Sulla sua faccia 'anteriore', che dovrebbe corrispondere al Nord, abbiamo notato alcune lettere, purtroppo ricoperte in gran parte dal muschio. Effettivamente questa epigrafe, verosimilmente redatta su due righe, è stata anche decifrata e recita: L.ARN.S.STRAB.L Poi mancano delle lettere e termina con V S (1).

Potrebbe riferirsi al nome Lucius, della tribù Arnense, forse un Liberto (L finale); il Liberto era, nell'antica Roma, uno schiavo liberato, riscattato, che poteva anche arricchirsi;  la S starebbe per Servius, altro nome, e 'STRAB' per Strabone, tipico cognomen (forse il liberto apparteneva a questo proprietario, prima di divenire libero). Il liberto, da schiavo, si chiamava normalmente Faustus, ma una volta riscattato aveva diritto a chiamarsi con il prenome del vecchio padrone. La V S finale potrebbe essere il termine di una parola, come Tribvnus o Magistratvs, o altro titolo, ma non è possibile dirlo con certezza.

                                                                    

A questo punto, ci si chiede come mai quest'ara rechi detta epigrafe. Forse quel Lvcivs l'aveva eretta per commemorare qualcosa? A cosa serviva in questo punto un altare del genere? Sacrifcale? E se scavando scavando, saltasse fuori che è una tomba? Riutilizzata in un secondo momento come ara commemorativa o altare sacrificale?

Come Masso del Predicatore sarebbe alquanto stato scomodo, sebbene vi siano labili tracce di 'pedarole' per salire, nella parte che io ho considerato 'posteriore'. L'ara e la sepoltura dei due ipotetici bambini, erano in qualche modo collegate simbolicamente? Salvatore dice che quest'ara si troverebbe in corrispondenza di un'altra ara, assai simile, posta sull'opposto versante, che sta di fronte a noi, nella Selva di Malano. Un caso?

Poco più avanti, troviamo il cosiddetto 'Sasso Cavo ' o Sasso Bucato', per via di un grosso foro di origine naturale che lo contraddistingue. Forse fu un riparo per asceti o comunque considerato un dono della natura.

 

                             

 

 

Un'altra cavità, più spaziosa e rialzata, me la indica Salvatore, a diversi metri di distanza. Per raggiungere l' ingresso della 'grotta', ci sono delle scalette intagliate nella roccia, volutamente. Era dunque un luogo abitato, sfruttato abitualmente, forse -anche in questo caso- da asceti o sciamani. Qui si era completamente al sicuro: davanti vi è un enorme macigno di peperino che la oscura alla vista dal basso e dietro c'è la collina.

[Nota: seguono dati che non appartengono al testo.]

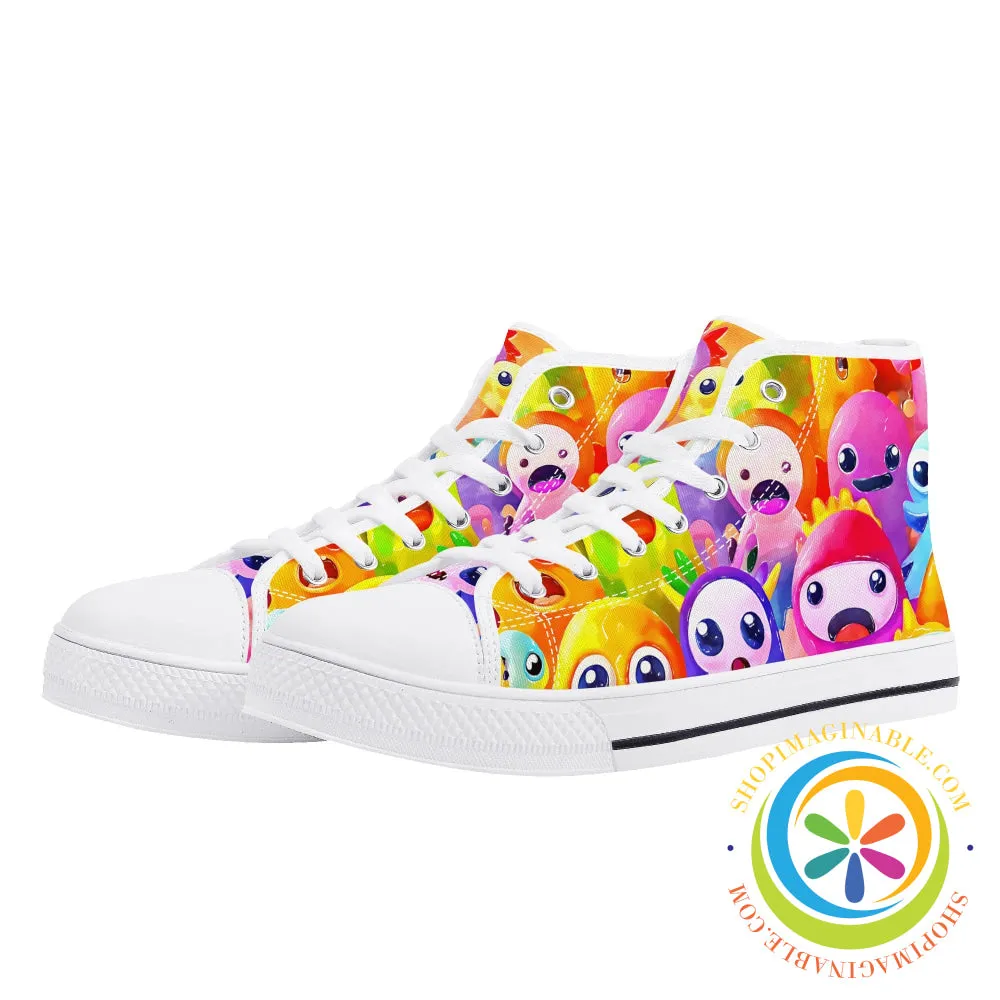 Colorful Creatures Ladies High Top Canvas Shoes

Non si sa se fosse chiusa da qualcosa ma la presenza di alcune buche di palo lo farebbero ritenere quanto meno ipotizzabile. La sua conformazione naturale è straordinaria.

                                                       

Proseguendo 30 metri oltre il 'Sasso Bucato', si incontra quella che è stata classificata come 'tomba a vasca' in quanto è stata riscontrata un'incisione, sul lato est, che recita (in latino): L.ROSCIVS.M.F.ARN. (Lucio Roscio, figlio di Marco, della Tribù Arnense). Tale iscrizione fu notata per la prima volta dal re di Svezia, Gustavo, in occasione di uno dei suoi viaggi di studio (era un intenditore!). Si ritiene dunque che qui vi fosse sepolto questo personaggio, romano probabilmente, appartenente alla Tribù Arnense, che era effettivamente del luogo (ne sono state trovate altre con lo stesso riferimento). La tomba - piena d'acqua piovana, di foglie e ricoperta sui lati da muschio- affiora appena dal terreno, delimitando un grande rettangolo. Scoperchiata, appare a mio avviso eccessivamente grande come tomba di una sola persona. Nell'angolo nord-ovest mi sembra pure che vi sia uno 'scolo', e questo mi fa ripensare a quando visitammo le tombe nella necropoli di S. Cecilia, in cui alcuni sostengono che i liquami dei defunti venissero lasciati 'scolare' per entrare nel Grande Ciclo Naturale. Penso anche che generalmente i romani mettevano D.M. nei contesti funerari (Agli Dei Mani), mentre qui manca qualsiasi riferimento religioso. Non è strano? Forse, ripulendo bene il contesto, emergerebbero degli elementi che potrebbero fornire maggiori informazioni.

 

                                                                    

Infatti, il problema qui è ripulire i massi! Ne abbiamo trovato uno che, apparentemente, non mostrava niente di particolare ma quando abbiamo iniziato a togliere un po' di sterpaglie, siamo rimasti increduli perchè abbiamo messo in luce delle nicchiette lavorate dall'uomo, cavità e forse anche delle scalette, come se quello possa essere un ennesimo altare (o tomba?). Bisognerebbe approfondire con gli strumenti idonei e da persone competenti. Nelle foto seguenti, si noti come il masso, apparentemente informe, ad una prima e sommaria ripulitura, abbia rivelato nicchie scolpite, incavi e sedili:

                                                     

Non c'è comunque da meravigliarsi in quanto l'area pullula di macigni con piccoli gradini, spianate manufatte, solchi di scolo per acque piovane ed altre tracce di lavorazione (2). Ritornando sui nostri passi, ne incontriamo diversi.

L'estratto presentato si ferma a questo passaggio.